ASSIGNMENT
From the records below, output exactly the lines running from the line containing "IndeeLift-FTS-400-Floor-to-Stand-4" through the line containing "Revuele Ексфолиращ серум", and no others.

DATA

________

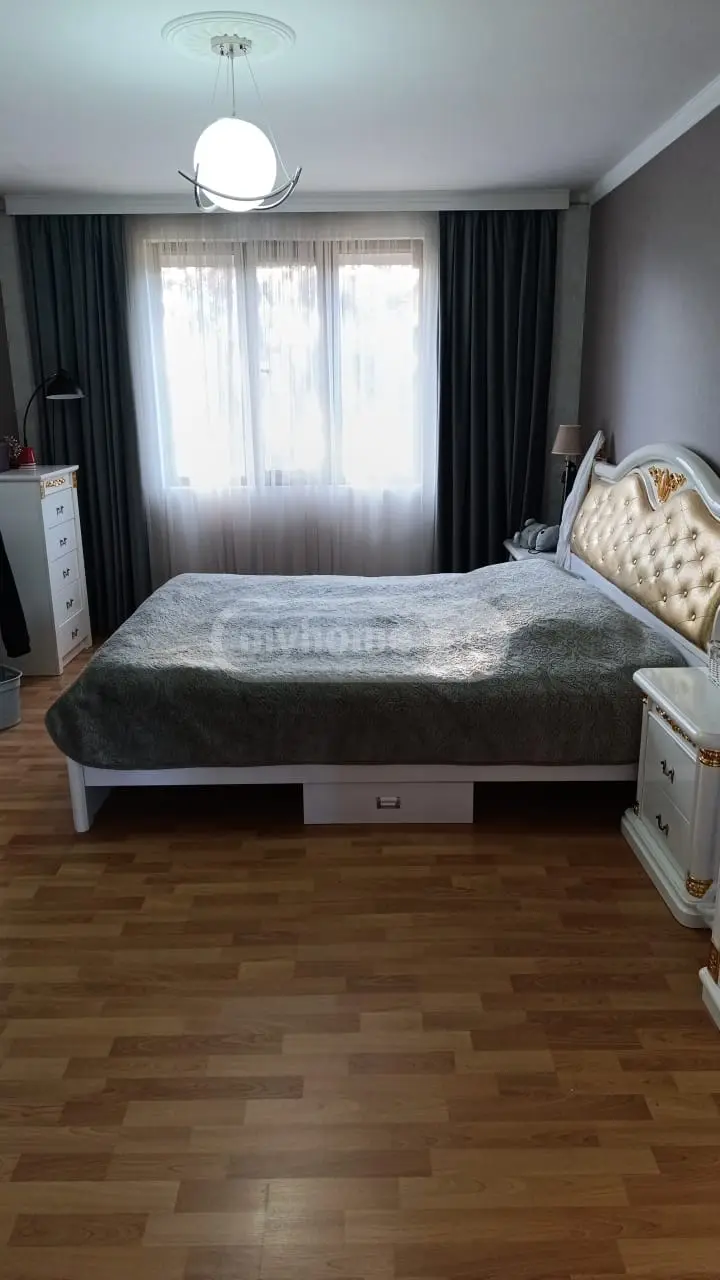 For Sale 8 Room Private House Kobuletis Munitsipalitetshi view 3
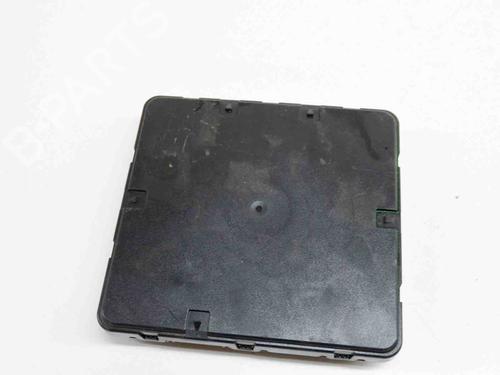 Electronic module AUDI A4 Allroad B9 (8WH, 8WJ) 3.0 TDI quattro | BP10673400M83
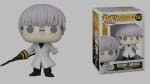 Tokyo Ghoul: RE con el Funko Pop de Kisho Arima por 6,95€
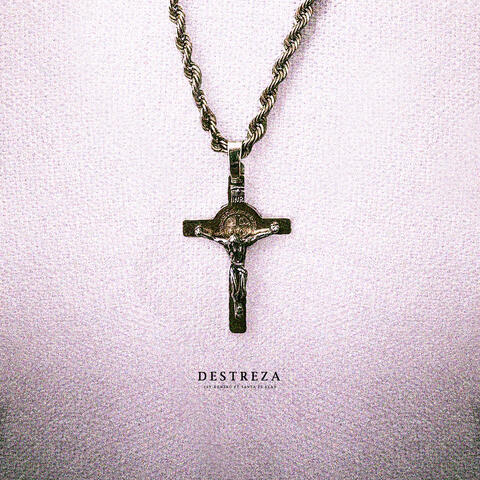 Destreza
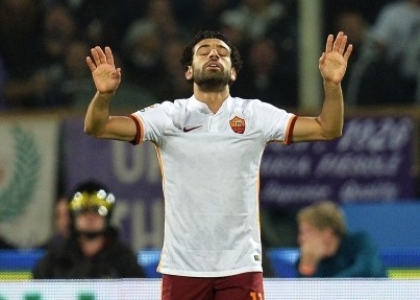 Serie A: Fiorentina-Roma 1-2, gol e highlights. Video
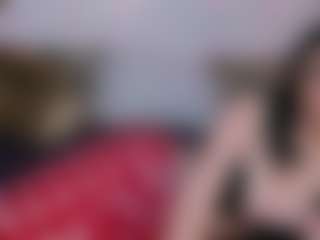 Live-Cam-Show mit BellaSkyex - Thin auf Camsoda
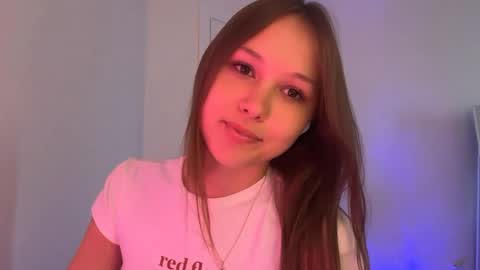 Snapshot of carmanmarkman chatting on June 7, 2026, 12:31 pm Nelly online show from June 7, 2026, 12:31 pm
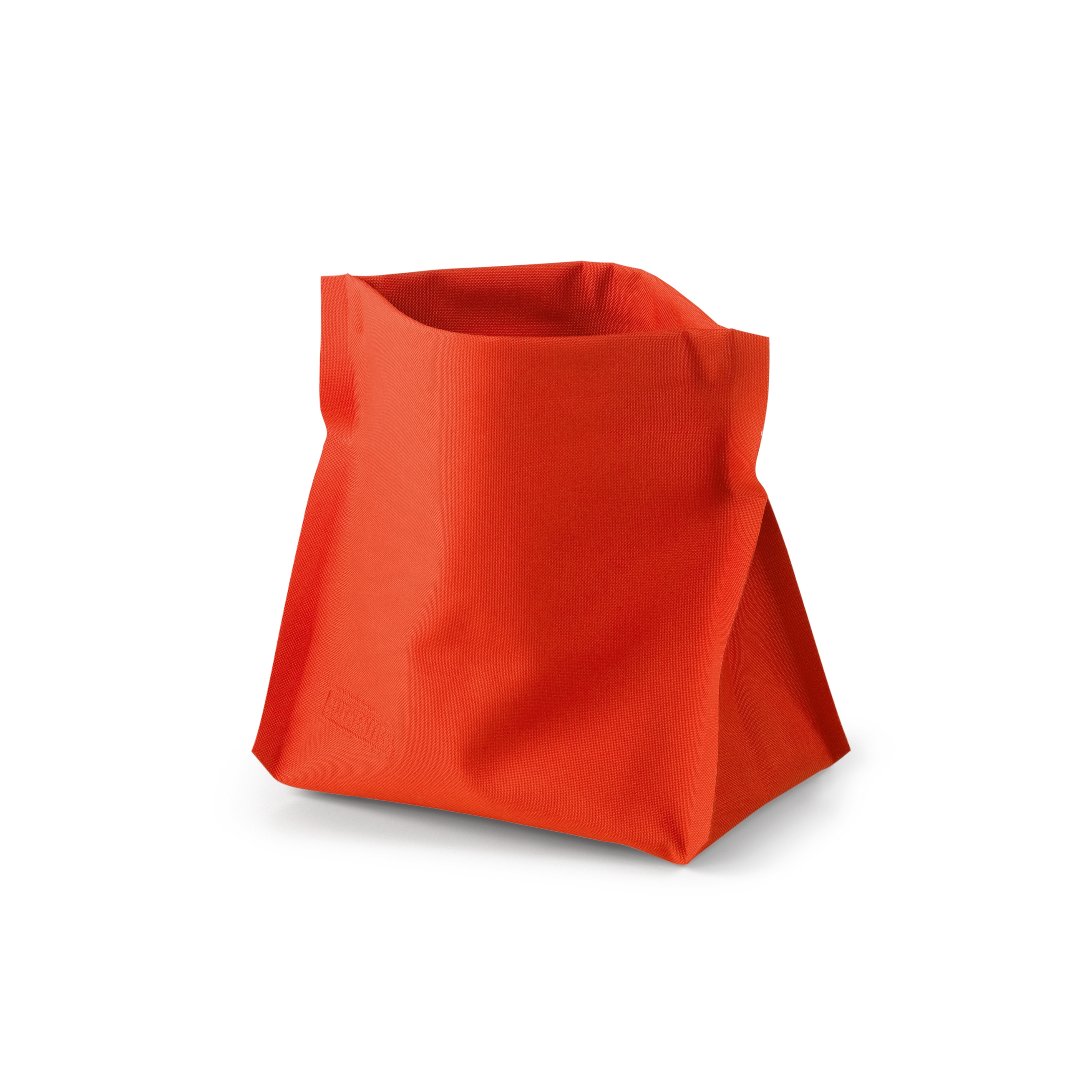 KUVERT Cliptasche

________

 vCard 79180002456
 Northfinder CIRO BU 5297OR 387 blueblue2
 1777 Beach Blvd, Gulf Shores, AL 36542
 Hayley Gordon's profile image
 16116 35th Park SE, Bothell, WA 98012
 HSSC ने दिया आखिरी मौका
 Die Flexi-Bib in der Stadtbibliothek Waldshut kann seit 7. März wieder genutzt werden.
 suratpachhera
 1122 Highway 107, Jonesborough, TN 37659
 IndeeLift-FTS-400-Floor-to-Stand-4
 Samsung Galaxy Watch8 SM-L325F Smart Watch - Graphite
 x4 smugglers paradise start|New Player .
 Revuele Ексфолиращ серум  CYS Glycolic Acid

________

ANSWER TO THE EXERCISE
 IndeeLift-FTS-400-Floor-to-Stand-4
 Samsung Galaxy Watch8 SM-L325F Smart Watch - Graphite
 x4 smugglers paradise start|New Player .
 Revuele Ексфолиращ серум  CYS Glycolic Acid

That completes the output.